ネット中継(録画)をもとに、全文テキスト化(約900文字)しておいた。
玉木議員:政治的立場を超えて、地位協定の改定に踏み出す時
玉木雄一郎議員(国民民主、4期、東大卒、49歳)
まず、日米地位協定について伺います。
沖縄県知事選挙で当選された玉城デニーさんだけでなくて、与党の皆さんも推薦された佐喜眞候補も日米地位協定の改定を公約に掲げていました。
日米地位協定は、イタリアやドイツの地位協定と比べても、日本の主権や国内法の適用が広く制限されています。日米地位協定が、わが国の主権や国内法よりも上位にある。異常な状態です。
実際、今年1月に相次いだ米軍機のトラブルを受け、防衛省は普天間基地への自衛官の派遣を要請しました。しかし、8か月以上いまに至るまで、この派遣が拒否されたままです。
また東京オリンピックや増加する外国人のインバウンドに対応するため、羽田空港への新しい飛行ルートの開設協議が行われてきましたが、いわゆる横田区域を通過するため、米軍に拒否されたまま開設の見込みが立っていません。
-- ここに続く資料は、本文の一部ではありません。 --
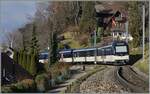 Der schiebend MOB Alpina Be 4/4 9203 ist bei Chernex mit einem Regionalzug von Zweisimmen nach Montreux unterwegs und hat somit sein Ziel schon fast erreicht.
議場の同僚議員の皆さん、こんなおかしなことはそろそろ止めにしませんか。独立国とは言えない惨めな状況を改めずして、総理のいう「新たな国づくり」などできるはずありません。
国民民主党は年内をめどに、地位協定改定の具体案をまとめます。今こそ与党、野党といった政治的立場を超えて、地位協定の改定に踏み出す時です。総理の決意を伺います。
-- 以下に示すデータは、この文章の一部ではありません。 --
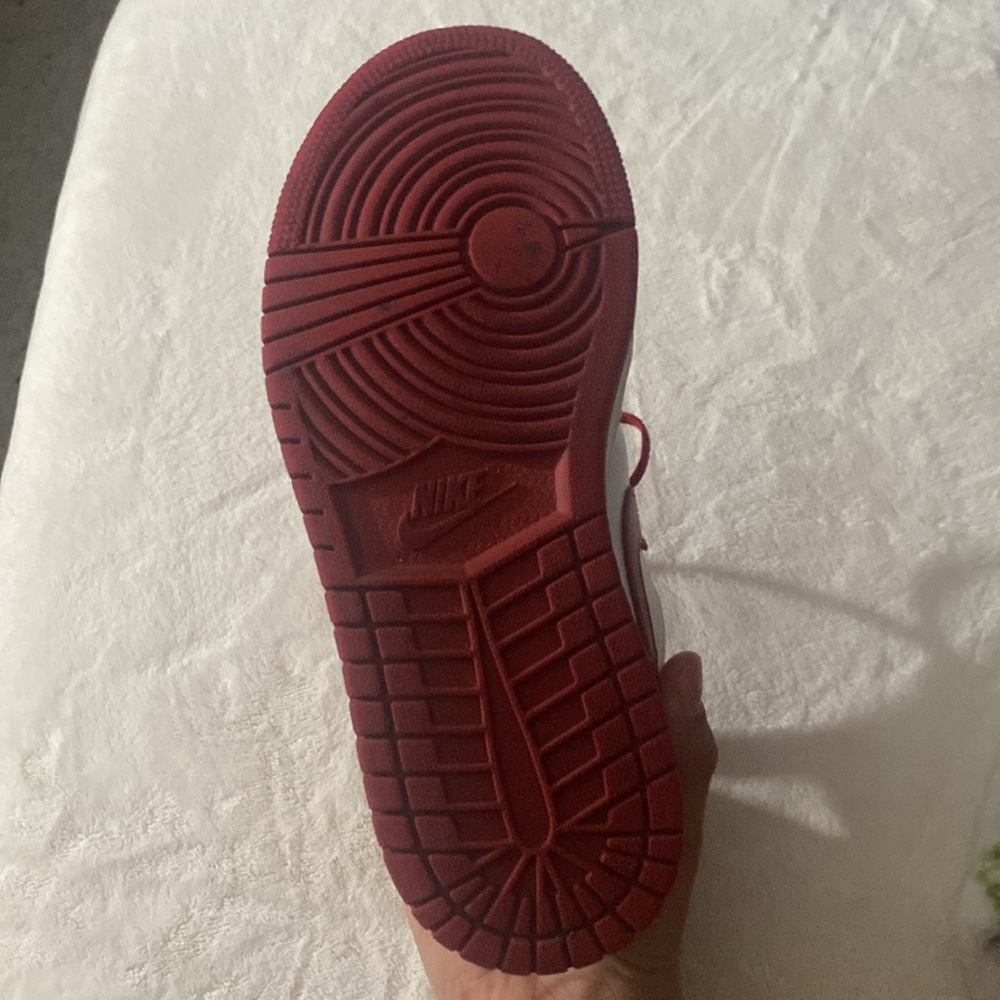 Low top red nike sneakers - Picture 4 of 5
安倍総理:日米間の様々な課題について政府としてしっかりと取り組んでまいります
安倍晋三内閣総理大臣(自民、9期、成蹊大卒、64歳)
日米地位協定についてお尋ねがありました。
日米地位協定は大きな法的枠組みであり、政府として事案に応じて最も適切な取り組みを通じ、具体的な問題に対応してきています。安倍政権のもとでは環境および軍属に関する2つの補足協定の策定が実現しました。国際約束の形式で得たこの成果は、日米地位協定の締結から半世紀を経て初めてのことであります。
また、たとえば、日本側に第一次裁判権がある犯罪の被疑者たる米軍人、軍属の拘禁についても日米合意に基づき、実際に起訴前に日本側への移転が行われてきています。
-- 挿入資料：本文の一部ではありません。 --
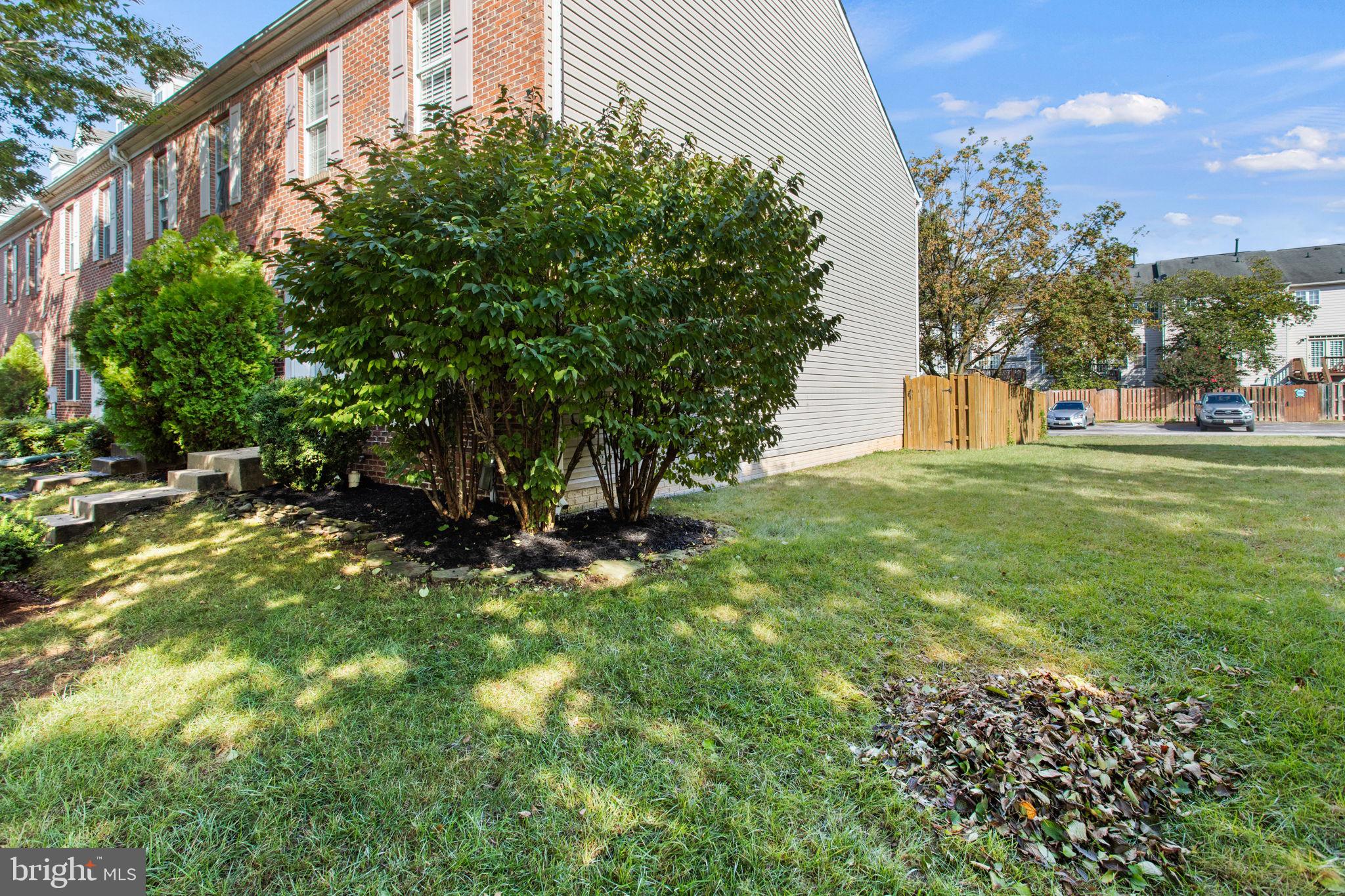 DEARBOUGHT - Residential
今後とも、このような目に見える取り組みを一つひとつ積み上げていくことにより、日米地位協定のあるべき姿を不断に追求してまいります。
いずれにせよ、日米地位協定を含めた日米間の様々な課題について政府としてしっかりと取り組んでまいります。
雑感
”国営放送”NHKが10月4日に「羽田空港 新飛行ルート 日米の調整難航で運用できないおそれ」と報じ、その1か月後(11月4日)に”自民党広報紙”読売新聞だけが「横田空域の管制権、一部日本移譲…米軍と合意へ」と報じた。
玉木議員が代表質問に立ったのは10月29日だから、政府はこの時点ですでに羽田新ルートの運用につき、米軍との調整がついたことを知っていたということはないのか。
それにしてもなぜ、なぜ読売がこの時期に米軍合意報道を流したのか意図不明……。